**EXERCISE GOAL:**
Starting at the line that contains "hassan8111 online show" and ending at the line that contains "1979-D-SBA-Dollar-With-Die-Crack-Thru-Stars-On-Obverse", the lines below are to be given again exactly, with nothing added.

**GIVEN DATA:**
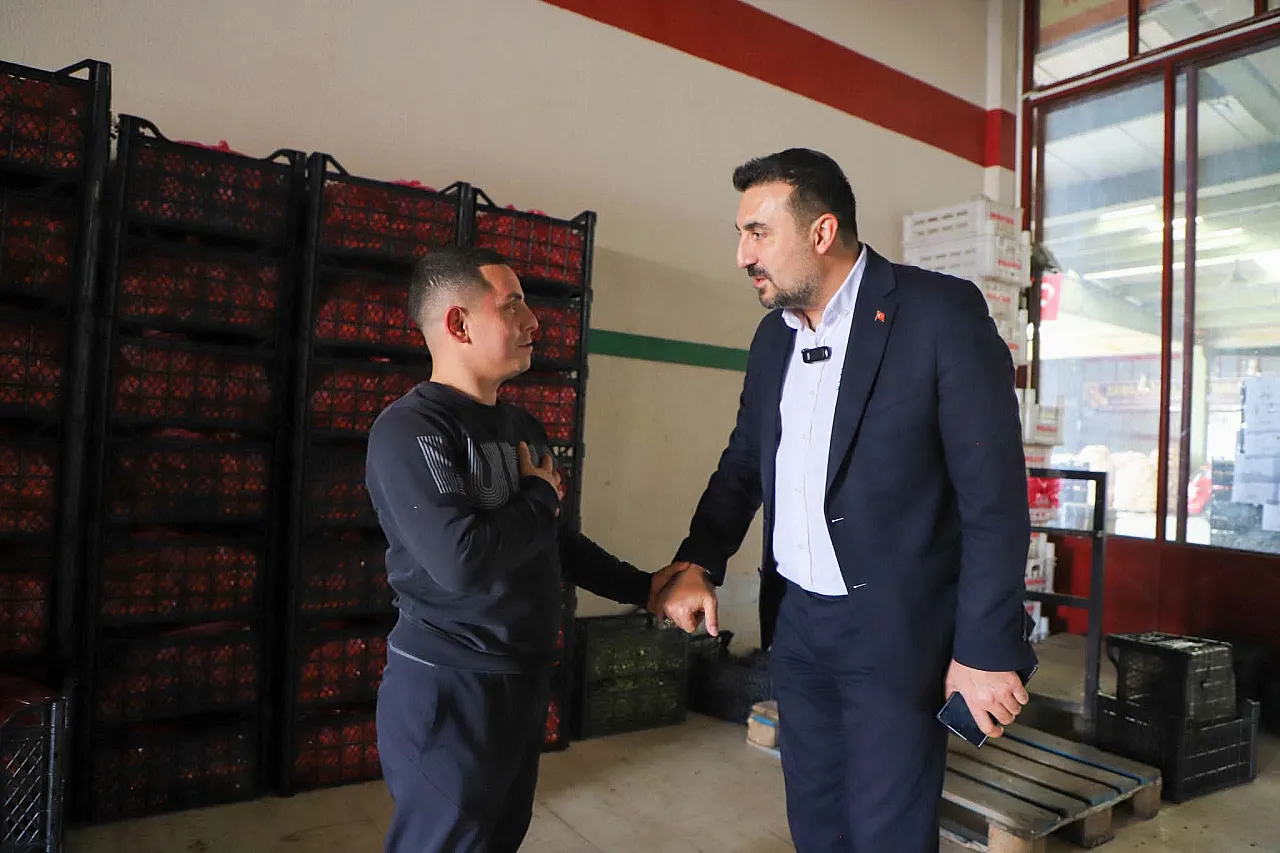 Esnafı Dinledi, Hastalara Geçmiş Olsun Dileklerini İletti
* * *
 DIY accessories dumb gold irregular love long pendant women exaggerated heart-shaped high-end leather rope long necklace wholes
* * *
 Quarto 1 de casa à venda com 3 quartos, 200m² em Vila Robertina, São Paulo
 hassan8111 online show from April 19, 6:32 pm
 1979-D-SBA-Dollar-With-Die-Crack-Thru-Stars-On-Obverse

**THE COMPLETED TASK:**
 hassan8111 online show from April 19, 6:32 pm
 1979-D-SBA-Dollar-With-Die-Crack-Thru-Stars-On-Obverse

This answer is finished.